Clémentine Raineau Conseillère départementale LFI

"Nous avons alerté à plusieurs reprises monsieur le préfet en particulier dès janvier sur le manque d'hébergement d'urgence en lui demandant d'ouvrir plus d'hébergement[...] En guise de réponse c'est la situation que nous vivons... Au lieu de créer plus de logements d'urgence, il a mis des familles à la rue en outrepassant ses droits et les décisions du Conseil Constitutionnel. [...]

Nous avons également envoyé récemment une lettre à Monsieur le président du conseil départemental Monsieur LIONEL CHAUVIN en lui demandant de préciser quelles étaient les actions mises en place concernant l'existence de ce campement, ces famille, femme enceinte et enfants. Le Conseil Départemental c'est lui qui a la charge de l'enfance en danger, c'est lui qui, par l'intermédiaire de la PMI, doit prendre soin des jeunes et des femmes. C'est lui encore qui est en charge de la question du handicap, enfants ou adultes. Nous attendons sa réponse.

Nous avons une session départementale lundi.

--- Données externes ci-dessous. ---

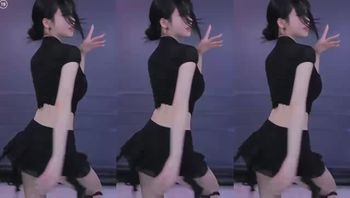 241218诗妍 (4)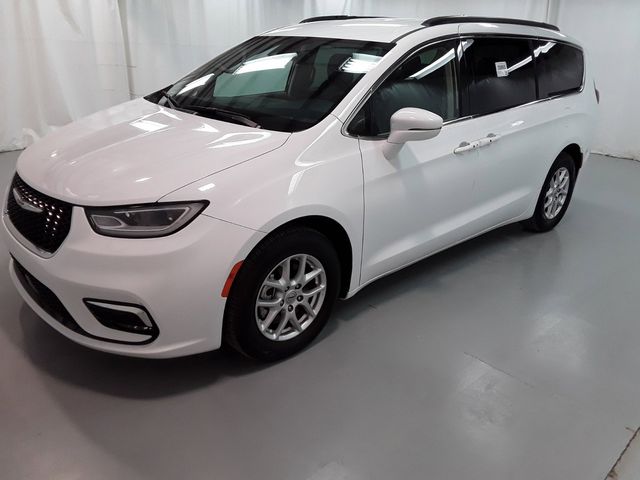 2022 Chrysler Pacifica Touring-L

Nous allons déposé un vœu demandant une aide d'urgence pour le campement, certainement par le biais des associations et en l'interpellant également publiquement pour qu'il se positionne lui et sa majorité. [...]"

Paco a fermé le ban en précisant de nombreux points d'intendance et d'organisation pour poursuivre cet accueil sous tente.